By: Bruce Buchanan, Sebelist Buchanan Law


The U.S. Department of Labor’s Wage and Hour Division (WHD) has debarred Christopher Lee Smith, owner of Christopher Lee Smith Farms in Glasgow, Kentucky, from applying for certification to request temporary foreign workers under the H-2A agricultural worker visa program for three years. WHD also assessed the employer a $35,755 civil penalty for violating the labor provisions of the H-2A program and found Smith owed $58,820 in back wages to 14 employees.

The DOL investigation found Smith violated the requirements of the H-2A visa program by failing to reimburse foreign workers for their transportation expenses to and from their home countries, as the law requires; failing to reimburse employees for expenses related to obtaining their visas; failing to keep required time and pay records; failing to pay employees their wages when due; and failing to pay the required minimum wage to H-2A visa workers, as required by law.

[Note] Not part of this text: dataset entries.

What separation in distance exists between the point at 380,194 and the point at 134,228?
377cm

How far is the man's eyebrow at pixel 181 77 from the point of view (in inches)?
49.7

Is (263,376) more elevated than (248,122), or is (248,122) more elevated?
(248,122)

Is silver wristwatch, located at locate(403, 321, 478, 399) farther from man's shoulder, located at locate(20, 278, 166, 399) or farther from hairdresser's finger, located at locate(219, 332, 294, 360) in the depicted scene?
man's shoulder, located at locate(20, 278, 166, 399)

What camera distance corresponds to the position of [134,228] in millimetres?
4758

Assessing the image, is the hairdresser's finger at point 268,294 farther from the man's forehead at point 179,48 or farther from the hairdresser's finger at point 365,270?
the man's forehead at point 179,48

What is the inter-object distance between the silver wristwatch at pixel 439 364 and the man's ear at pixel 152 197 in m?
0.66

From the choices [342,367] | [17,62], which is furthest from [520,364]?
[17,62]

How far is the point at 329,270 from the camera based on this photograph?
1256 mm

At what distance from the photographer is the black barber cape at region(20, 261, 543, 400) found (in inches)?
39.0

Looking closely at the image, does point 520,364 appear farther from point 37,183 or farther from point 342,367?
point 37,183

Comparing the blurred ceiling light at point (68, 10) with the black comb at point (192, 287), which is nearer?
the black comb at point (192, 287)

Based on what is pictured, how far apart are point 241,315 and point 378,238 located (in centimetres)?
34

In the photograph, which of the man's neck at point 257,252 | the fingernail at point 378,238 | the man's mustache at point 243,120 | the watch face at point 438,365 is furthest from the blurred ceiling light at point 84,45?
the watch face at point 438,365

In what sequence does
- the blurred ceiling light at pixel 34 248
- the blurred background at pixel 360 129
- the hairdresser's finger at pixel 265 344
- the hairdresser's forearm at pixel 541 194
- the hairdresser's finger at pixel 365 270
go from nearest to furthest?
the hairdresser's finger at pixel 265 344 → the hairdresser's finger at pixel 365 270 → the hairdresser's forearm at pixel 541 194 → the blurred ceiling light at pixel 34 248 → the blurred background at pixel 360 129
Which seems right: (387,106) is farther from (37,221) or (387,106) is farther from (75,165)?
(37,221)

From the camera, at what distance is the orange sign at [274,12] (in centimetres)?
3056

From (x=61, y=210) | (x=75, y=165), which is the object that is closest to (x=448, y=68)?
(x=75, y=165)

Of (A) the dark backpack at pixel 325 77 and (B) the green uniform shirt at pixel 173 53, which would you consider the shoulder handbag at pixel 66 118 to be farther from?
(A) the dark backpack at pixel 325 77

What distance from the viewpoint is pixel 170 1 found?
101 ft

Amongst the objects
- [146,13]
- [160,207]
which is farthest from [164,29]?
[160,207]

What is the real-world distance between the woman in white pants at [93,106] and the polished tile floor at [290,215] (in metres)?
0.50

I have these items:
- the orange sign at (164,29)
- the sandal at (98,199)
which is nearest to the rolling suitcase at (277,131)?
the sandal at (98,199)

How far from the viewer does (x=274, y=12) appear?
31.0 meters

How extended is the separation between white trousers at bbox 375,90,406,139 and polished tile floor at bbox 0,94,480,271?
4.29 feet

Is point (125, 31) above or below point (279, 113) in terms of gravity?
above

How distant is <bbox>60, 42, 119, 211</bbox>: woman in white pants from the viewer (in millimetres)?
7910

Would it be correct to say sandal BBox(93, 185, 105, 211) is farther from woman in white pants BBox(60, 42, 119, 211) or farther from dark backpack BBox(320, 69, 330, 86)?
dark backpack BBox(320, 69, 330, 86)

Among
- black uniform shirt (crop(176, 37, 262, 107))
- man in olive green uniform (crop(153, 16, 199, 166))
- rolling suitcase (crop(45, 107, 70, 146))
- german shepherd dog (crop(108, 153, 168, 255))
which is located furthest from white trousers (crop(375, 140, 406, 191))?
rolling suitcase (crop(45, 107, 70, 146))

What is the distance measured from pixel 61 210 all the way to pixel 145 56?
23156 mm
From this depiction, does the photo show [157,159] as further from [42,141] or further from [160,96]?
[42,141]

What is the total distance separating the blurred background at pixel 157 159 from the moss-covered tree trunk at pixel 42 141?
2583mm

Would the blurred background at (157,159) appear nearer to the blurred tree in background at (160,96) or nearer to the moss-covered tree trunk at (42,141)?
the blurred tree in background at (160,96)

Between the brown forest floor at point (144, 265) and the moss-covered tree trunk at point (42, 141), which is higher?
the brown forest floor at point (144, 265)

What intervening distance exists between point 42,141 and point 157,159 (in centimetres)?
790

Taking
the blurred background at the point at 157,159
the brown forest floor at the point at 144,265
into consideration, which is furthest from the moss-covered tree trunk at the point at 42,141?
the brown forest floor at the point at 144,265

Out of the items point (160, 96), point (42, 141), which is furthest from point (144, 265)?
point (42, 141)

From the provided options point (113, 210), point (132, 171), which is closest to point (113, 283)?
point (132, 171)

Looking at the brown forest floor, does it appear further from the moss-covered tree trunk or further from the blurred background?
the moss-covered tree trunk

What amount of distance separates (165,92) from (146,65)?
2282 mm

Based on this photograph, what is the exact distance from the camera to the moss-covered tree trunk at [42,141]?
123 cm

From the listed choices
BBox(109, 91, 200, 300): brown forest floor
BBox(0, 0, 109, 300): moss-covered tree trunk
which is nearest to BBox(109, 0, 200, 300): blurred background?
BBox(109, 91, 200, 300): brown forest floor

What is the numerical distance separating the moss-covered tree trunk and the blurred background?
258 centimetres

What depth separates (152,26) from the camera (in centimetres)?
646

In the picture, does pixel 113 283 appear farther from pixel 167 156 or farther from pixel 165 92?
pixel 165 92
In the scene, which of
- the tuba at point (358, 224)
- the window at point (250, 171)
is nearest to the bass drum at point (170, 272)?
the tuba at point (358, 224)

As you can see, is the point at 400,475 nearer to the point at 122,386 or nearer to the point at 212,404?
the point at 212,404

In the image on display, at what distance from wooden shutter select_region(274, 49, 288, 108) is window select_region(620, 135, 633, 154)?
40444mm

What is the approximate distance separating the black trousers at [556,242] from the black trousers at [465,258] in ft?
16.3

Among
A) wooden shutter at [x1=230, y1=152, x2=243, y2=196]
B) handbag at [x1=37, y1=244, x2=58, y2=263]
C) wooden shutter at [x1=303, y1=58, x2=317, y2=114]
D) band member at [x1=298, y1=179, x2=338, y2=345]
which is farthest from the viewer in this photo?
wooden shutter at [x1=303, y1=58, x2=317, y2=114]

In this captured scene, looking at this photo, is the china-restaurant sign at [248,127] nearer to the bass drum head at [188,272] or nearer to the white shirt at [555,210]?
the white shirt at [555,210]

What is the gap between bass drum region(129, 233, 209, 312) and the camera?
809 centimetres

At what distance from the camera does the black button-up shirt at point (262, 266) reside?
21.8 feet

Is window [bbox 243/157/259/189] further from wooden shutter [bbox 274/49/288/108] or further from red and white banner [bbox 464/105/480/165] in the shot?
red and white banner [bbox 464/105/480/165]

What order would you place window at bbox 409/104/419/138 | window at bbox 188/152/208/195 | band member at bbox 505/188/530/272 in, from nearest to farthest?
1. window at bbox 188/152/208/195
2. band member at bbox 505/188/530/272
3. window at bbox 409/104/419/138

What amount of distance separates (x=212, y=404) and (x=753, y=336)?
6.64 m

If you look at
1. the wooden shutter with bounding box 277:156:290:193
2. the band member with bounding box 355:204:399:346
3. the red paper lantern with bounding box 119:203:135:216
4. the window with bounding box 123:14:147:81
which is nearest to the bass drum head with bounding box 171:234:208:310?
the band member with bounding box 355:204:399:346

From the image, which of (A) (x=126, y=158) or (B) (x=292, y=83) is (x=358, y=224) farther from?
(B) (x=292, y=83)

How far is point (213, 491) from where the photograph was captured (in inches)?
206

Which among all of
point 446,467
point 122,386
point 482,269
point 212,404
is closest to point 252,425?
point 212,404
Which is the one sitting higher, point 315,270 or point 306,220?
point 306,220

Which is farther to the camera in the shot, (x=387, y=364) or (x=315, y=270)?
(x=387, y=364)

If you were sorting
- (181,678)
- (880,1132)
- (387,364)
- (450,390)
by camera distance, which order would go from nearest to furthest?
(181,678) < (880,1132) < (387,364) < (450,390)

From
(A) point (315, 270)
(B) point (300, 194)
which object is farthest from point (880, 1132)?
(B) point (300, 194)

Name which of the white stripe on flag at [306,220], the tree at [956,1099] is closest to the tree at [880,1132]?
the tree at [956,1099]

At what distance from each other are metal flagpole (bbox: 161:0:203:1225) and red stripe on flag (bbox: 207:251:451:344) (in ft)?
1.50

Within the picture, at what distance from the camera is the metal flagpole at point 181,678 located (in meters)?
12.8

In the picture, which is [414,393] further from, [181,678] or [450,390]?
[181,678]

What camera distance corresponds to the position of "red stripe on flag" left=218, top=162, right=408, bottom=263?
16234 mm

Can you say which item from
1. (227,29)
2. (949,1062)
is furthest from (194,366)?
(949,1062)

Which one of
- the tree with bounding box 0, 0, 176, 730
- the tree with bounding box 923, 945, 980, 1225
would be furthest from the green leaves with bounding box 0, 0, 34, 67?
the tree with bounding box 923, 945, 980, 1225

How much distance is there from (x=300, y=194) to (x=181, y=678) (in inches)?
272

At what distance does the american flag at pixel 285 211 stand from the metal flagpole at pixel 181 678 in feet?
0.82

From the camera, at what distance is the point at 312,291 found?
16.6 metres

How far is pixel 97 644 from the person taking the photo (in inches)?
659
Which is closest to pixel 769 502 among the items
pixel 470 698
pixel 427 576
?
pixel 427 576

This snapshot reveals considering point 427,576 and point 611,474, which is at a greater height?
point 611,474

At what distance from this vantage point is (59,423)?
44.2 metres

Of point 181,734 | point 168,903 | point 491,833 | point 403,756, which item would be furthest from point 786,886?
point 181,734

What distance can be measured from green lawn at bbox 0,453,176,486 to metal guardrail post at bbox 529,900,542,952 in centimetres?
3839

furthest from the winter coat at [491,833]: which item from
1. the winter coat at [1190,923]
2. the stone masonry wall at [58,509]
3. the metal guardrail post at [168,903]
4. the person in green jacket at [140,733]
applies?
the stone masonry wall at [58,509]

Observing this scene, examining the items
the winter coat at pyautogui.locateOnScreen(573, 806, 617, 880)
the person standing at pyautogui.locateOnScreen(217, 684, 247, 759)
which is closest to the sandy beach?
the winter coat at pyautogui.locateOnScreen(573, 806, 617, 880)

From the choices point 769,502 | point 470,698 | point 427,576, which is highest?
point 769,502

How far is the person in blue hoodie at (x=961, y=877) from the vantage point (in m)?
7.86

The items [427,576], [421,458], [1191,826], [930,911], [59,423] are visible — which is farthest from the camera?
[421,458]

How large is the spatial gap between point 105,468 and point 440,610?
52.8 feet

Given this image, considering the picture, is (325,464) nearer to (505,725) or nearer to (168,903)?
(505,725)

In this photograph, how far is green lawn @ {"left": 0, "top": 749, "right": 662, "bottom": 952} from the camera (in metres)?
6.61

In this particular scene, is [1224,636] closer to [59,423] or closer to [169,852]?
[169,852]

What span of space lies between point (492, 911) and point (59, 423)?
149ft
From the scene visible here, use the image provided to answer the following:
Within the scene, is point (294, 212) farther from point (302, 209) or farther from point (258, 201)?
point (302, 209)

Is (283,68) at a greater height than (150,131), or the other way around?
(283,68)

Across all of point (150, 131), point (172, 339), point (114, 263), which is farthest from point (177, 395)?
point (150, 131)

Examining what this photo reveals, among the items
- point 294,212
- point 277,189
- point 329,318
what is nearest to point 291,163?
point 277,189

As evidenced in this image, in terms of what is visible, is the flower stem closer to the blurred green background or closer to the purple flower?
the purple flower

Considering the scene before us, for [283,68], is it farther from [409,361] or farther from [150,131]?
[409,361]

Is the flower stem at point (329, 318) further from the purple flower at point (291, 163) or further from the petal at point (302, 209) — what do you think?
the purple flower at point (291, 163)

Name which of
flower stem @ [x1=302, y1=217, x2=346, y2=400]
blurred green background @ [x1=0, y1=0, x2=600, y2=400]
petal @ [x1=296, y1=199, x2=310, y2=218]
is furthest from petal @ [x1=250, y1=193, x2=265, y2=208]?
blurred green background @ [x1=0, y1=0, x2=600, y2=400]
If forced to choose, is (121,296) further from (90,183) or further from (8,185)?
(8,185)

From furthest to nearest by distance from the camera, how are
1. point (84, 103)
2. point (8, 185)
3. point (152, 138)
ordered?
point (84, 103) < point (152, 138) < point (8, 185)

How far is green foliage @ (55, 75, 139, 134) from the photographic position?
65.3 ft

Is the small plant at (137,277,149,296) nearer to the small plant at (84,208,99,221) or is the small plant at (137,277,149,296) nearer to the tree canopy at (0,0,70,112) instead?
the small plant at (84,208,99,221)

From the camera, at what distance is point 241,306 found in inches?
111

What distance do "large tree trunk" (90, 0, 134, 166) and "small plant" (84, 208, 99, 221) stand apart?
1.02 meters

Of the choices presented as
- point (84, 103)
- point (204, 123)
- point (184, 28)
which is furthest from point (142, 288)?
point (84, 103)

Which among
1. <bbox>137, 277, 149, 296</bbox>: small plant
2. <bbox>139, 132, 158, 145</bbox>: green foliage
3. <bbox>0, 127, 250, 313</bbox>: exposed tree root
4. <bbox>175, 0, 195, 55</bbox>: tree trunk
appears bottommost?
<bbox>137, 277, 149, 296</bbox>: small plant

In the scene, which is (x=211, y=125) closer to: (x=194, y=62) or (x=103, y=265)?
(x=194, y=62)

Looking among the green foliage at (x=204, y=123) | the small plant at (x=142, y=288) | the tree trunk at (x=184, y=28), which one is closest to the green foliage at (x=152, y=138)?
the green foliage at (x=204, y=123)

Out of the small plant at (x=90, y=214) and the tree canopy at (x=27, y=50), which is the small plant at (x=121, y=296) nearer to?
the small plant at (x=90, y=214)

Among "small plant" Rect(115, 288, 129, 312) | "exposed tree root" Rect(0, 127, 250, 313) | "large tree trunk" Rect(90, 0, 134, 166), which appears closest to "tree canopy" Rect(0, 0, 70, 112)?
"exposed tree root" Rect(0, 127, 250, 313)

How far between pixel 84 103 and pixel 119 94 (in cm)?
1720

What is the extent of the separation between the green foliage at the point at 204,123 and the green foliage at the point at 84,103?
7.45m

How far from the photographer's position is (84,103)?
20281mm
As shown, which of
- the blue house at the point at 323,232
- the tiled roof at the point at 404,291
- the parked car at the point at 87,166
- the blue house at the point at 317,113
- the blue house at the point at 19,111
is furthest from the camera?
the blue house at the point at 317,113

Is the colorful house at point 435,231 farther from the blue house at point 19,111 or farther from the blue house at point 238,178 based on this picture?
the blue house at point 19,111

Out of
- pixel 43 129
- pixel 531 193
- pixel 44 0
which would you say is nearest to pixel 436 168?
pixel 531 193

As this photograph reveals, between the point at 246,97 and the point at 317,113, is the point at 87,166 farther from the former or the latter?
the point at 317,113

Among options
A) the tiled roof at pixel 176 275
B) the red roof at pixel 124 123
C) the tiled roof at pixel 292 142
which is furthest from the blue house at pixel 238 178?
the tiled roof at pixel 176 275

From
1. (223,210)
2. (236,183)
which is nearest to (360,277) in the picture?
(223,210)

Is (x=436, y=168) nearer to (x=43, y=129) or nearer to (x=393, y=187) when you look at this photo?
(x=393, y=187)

And in a continuing trend with each resolution of an immigration-related case by a federal agency, the DOL pointed to safeguarding American jobs pursuant to Trump’s Buy American, Hire American Executive Order. Specifically, Karen Garnett, Wage and Hour Division District Director in Louisville, said “This case demonstrates our commitment to safeguard American jobs, level the playing field for law-abiding employers, and protect vulnerable workers from being paid less than they are legally owed.”

The H-2A temporary agricultural program establishes a means for agricultural employers, who anticipate a shortage of domestic workers, to bring non-immigrant foreign workers to the U.S. to perform agricultural labor or services of a temporary or seasonal nature.